All of the data is to be written out again exactly, without the pictures.

Exercise data:
◇ ◇ ◇
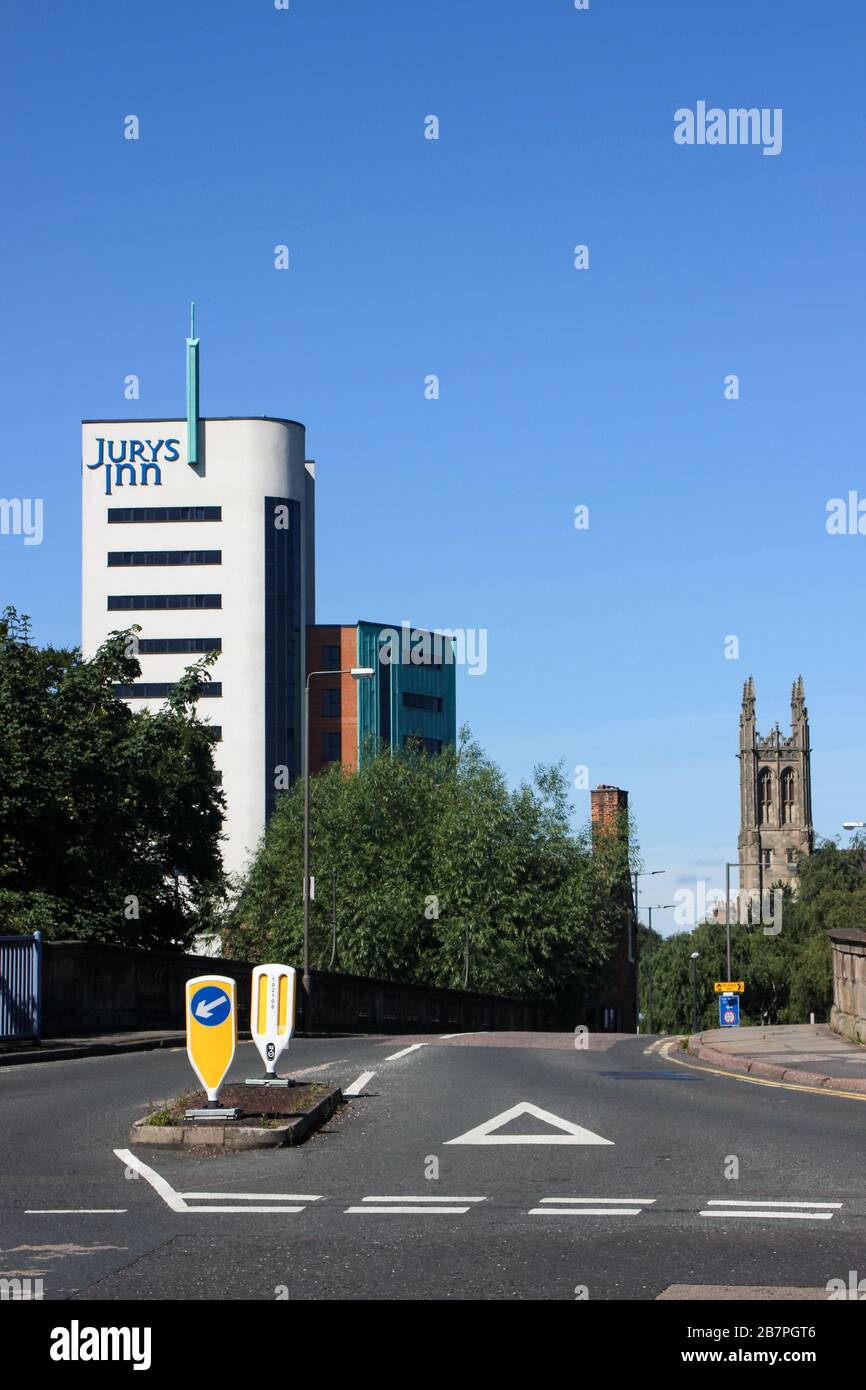Jurys Inn hotel on left with Derby Cathedral on right in Derby, England Stock Photo
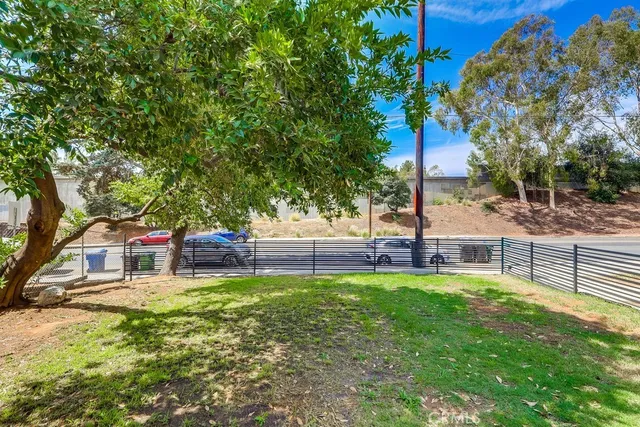 a view of a house with a yard porch and sitting area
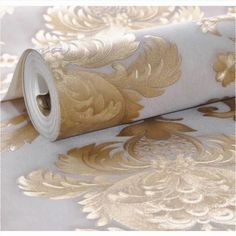 a roll of gold foiled paper on top of a white wallpaper with golden flowers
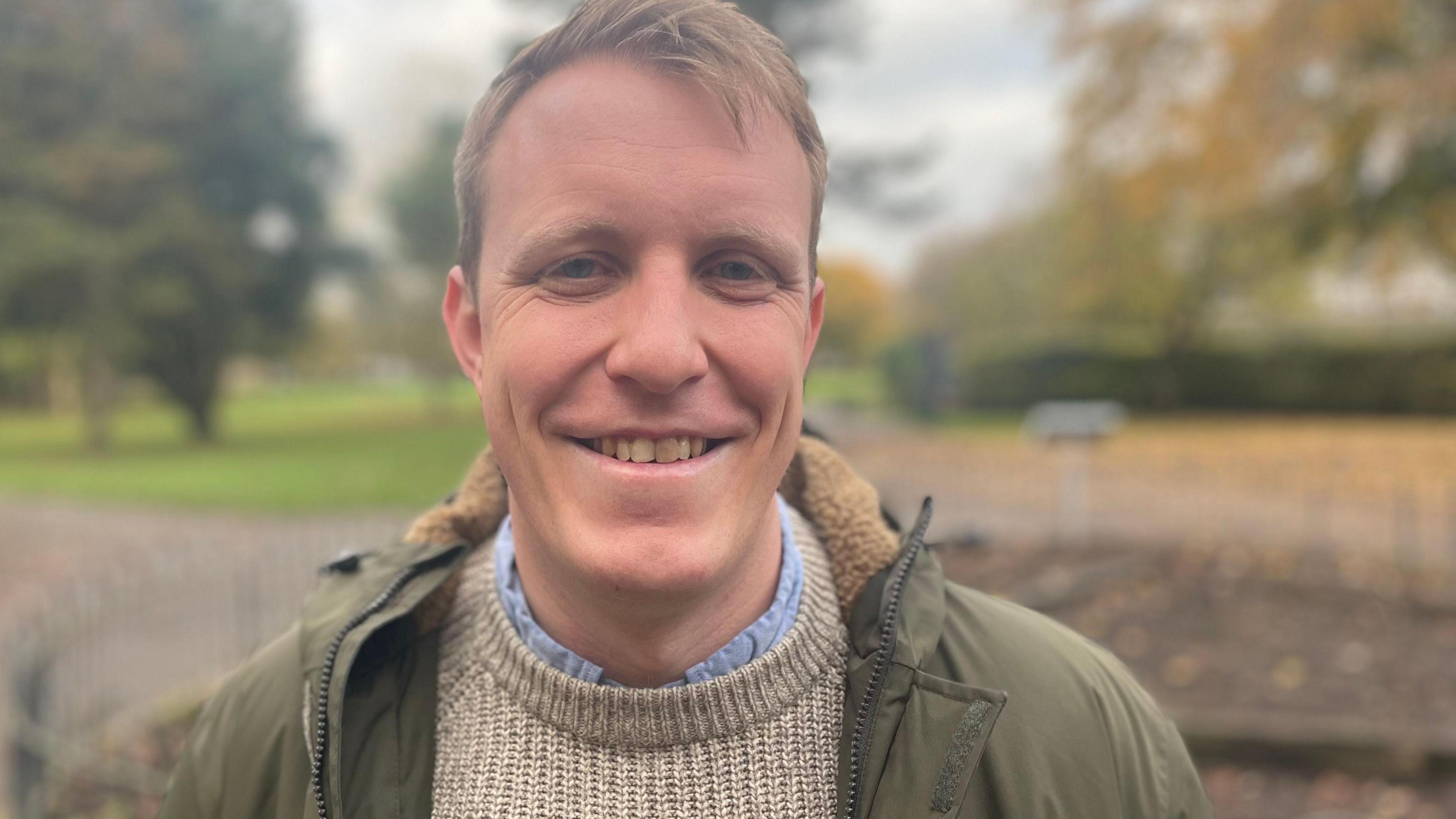 Dr Steffan Evans wearing a khaki coat, light jumper and blue shirt, smiling at the camera while standing in a park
◇ ◇ ◇
Answer to this task:
Jurys Inn hotel on left with Derby Cathedral on right in Derby, England Stock Photo
 a view of a house with a yard porch and sitting area
 a roll of gold foiled paper on top of a white wallpaper with golden flowers
 Dr Steffan Evans wearing a khaki coat, light jumper and blue shirt, smiling at the camera while standing in a park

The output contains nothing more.